ハミングバードにおはようの挨拶をすること。
それくらいしかすることがなかった。
この世界はぜんぶ神さまが嘘でつくったんだと思う。
ボビーがギターを弾くと心がぎゅんぎゅんする。どこまでも歩くしかないし、歩くのが楽しい。アスファルトはときどきぐにゃぐにゃするし、走ると苦しい。クスリのせいね。そんなことはでもどうでもいいんだ。

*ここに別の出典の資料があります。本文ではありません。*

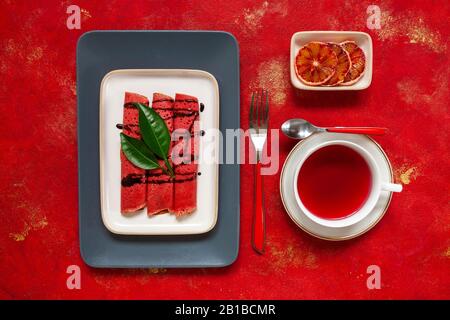Nahaufnahme von Köstlichen hausgemachten roten Orangen dünne Pfannkuchen mit frischen Orangenscheiben und rotem Fruchttee. Draufsicht, Nahaufnahme auf rotem Hintergrund Stockfoto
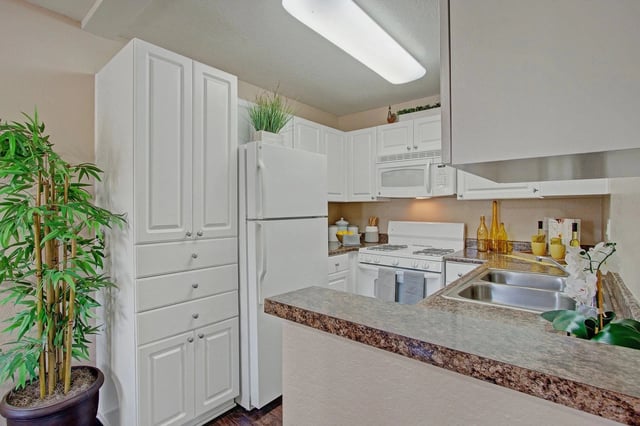 Modern kitchen with white cabinetry, stainless steel appliances, and granite countertops.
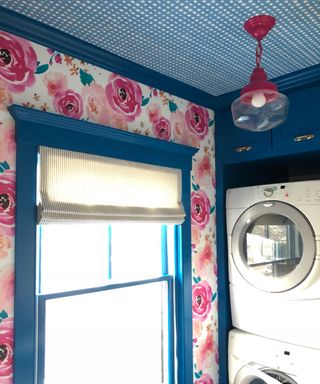 Bright laundry room with bold botanical wallpaper on wall, complementary blue patterned wallpaper on ceiling, and blue painted woodwork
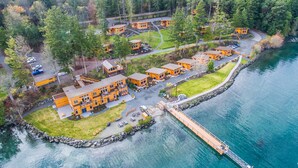 A lodge with multiple cabins, a dock, and a surrounding forest. - Snug Harbor Resort (Friday Harbor)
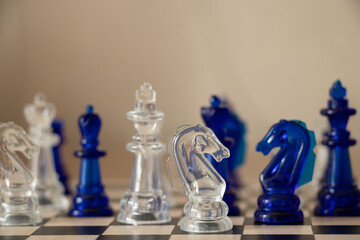 Transparent chess on a chessboard , chess game and hobby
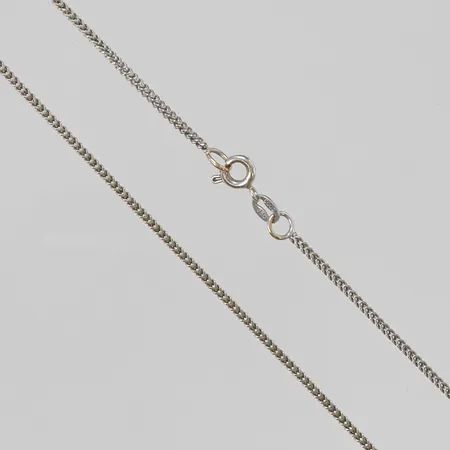 Kedja 48cm, bredd:1,6mm, vitguld 18K 5,6g.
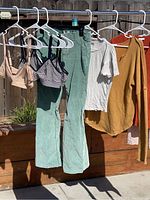 All 8 items hanging on a clothesline outdoors including pants, tops, and bras visible.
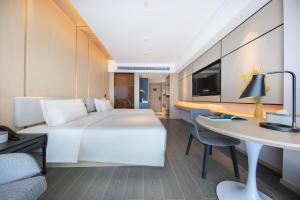中山中山小榄亚朵酒店的酒店客房设有一张大床和一张书桌。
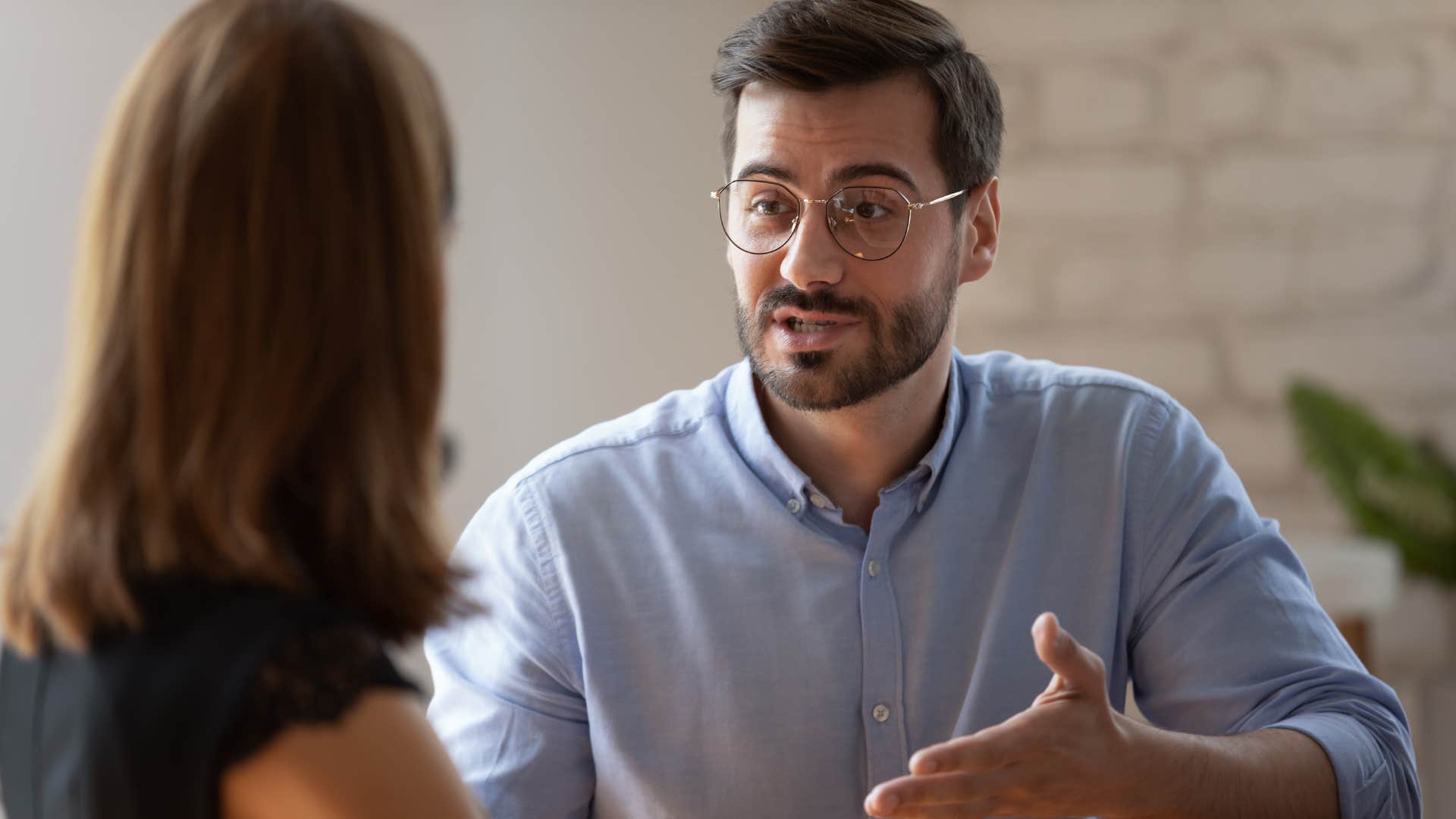 man talking to work colleague saying shes hard to read
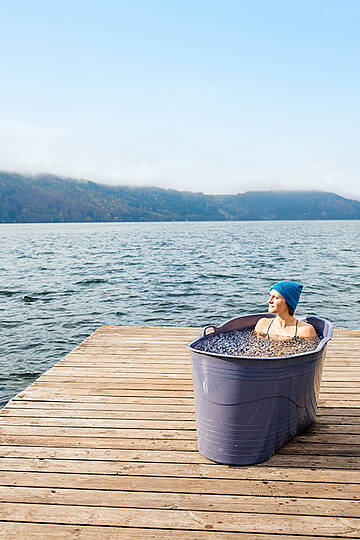 Frau liegt in Badewanne, die mit Eiswasser gefüllt ist, auf einem Holzsteg am Millstätter See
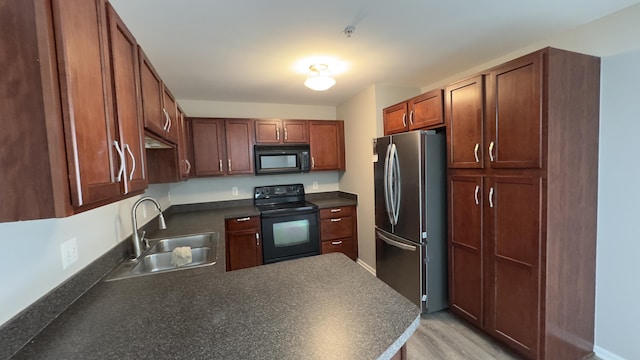 41664 Tera Ln, Novi, MI 48375 - kitchen with black appliances, dark countertops, a peninsula, and light wood finished floors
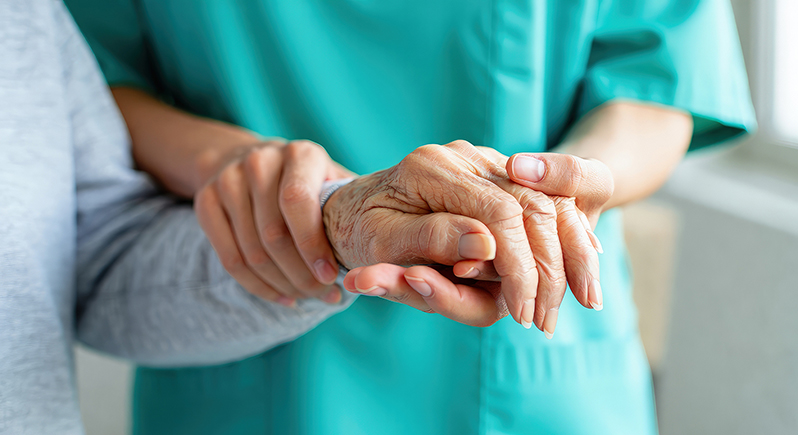 Nahaufnahme einer Pflegekraft, die schützend die Hand eines älteren Menschen hält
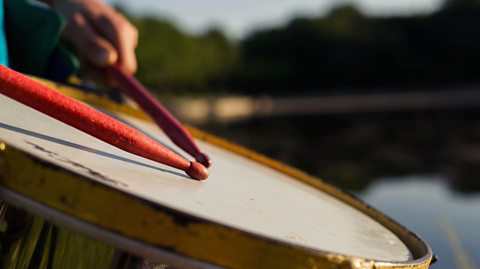 A close up image of a drum being played with two red drumsticks.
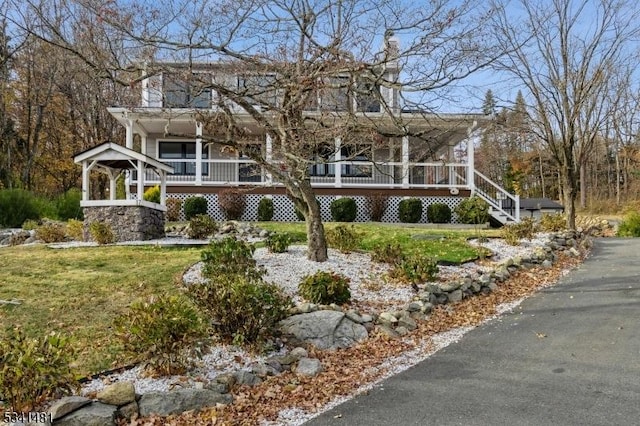 farmhouse-style home with stairway and a front lawn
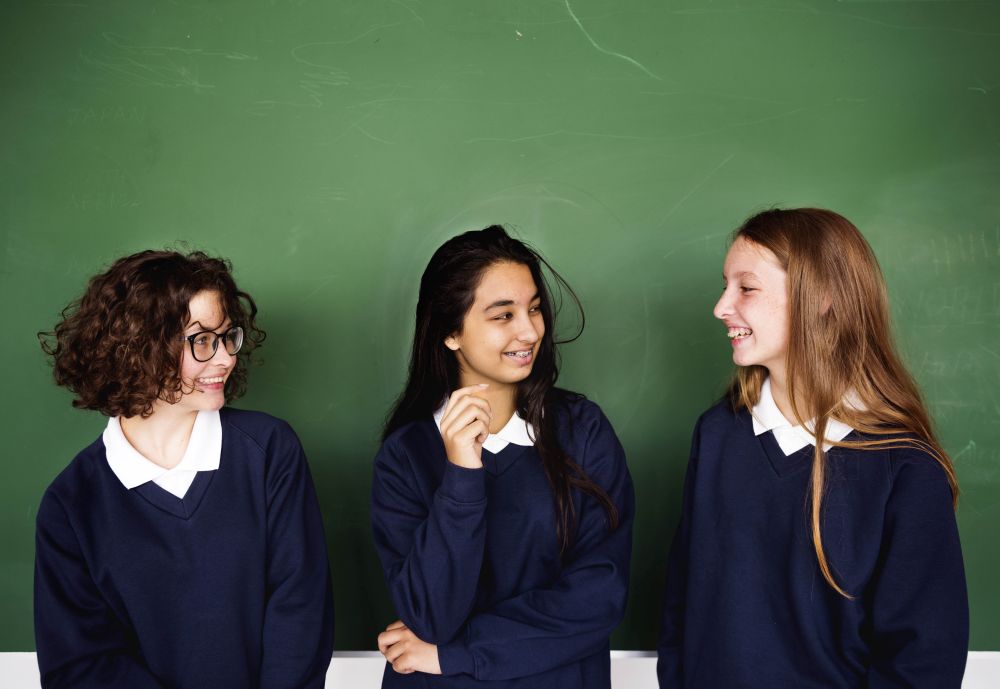 Three high school students are standing in front of a blackboard smiling at each other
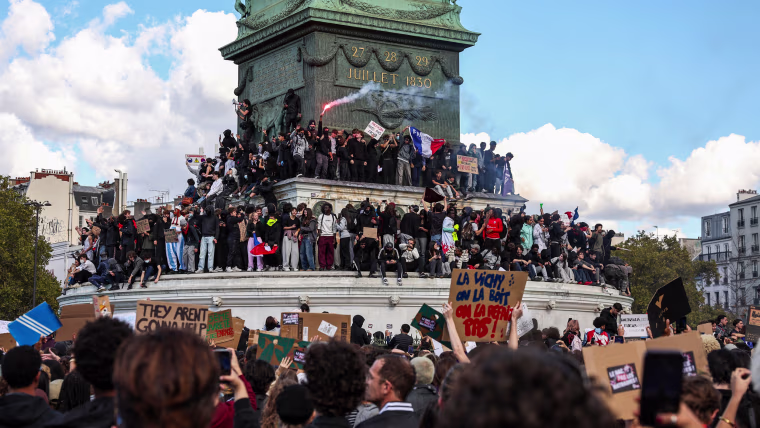 Protesters gather for a student demonstration at Place de la Bastille with a view of the Colonne de Juillet monument.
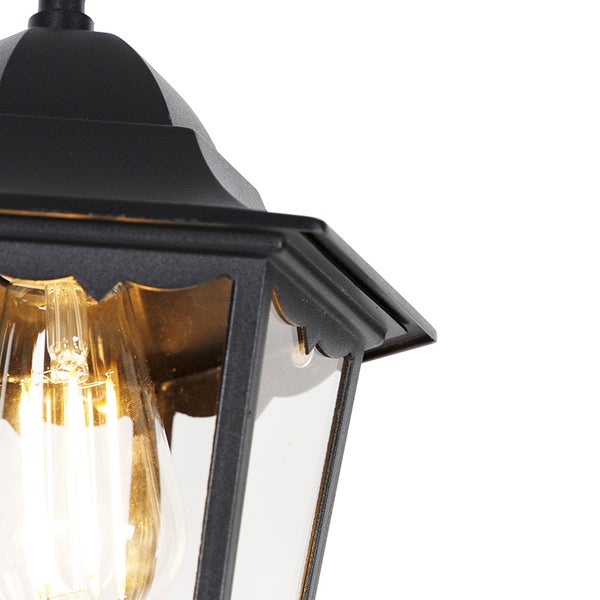 Detailansicht einer schwarzen Außenlaterne aus Metall mit Glaseinsätzen und leuchtendem Filament-Leuchtmittel.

ときどき金持ちの紳士淑女に出会うとなんだかビックリする。奴らがわたしをバカにしていることがよくわかるんだ。汚い女だと思ってるのがゾクゾクするくらいよくわかる。指をさす奴もいた。逆に指をさし返してやったら気取って眉をぴくつかせて逃げて行った。
面白くて仕方ない。
テキサスからカリフォルニアまでボビーとふたりでバスに乗った。荒野は圧巻だね、人間はスグに正しいとか嬉しいとかそういうふうな気持ちを定義したがるけど、バスに乗って荒野を揺られてる時、別にわたしは正しくもないし嬉しくもない、とつぜんテンションがあがってわけもなくバカ話をしたくなる。ボビーが笑ってくれるといいけど、笑ってくれなくてもそれはそれでいい。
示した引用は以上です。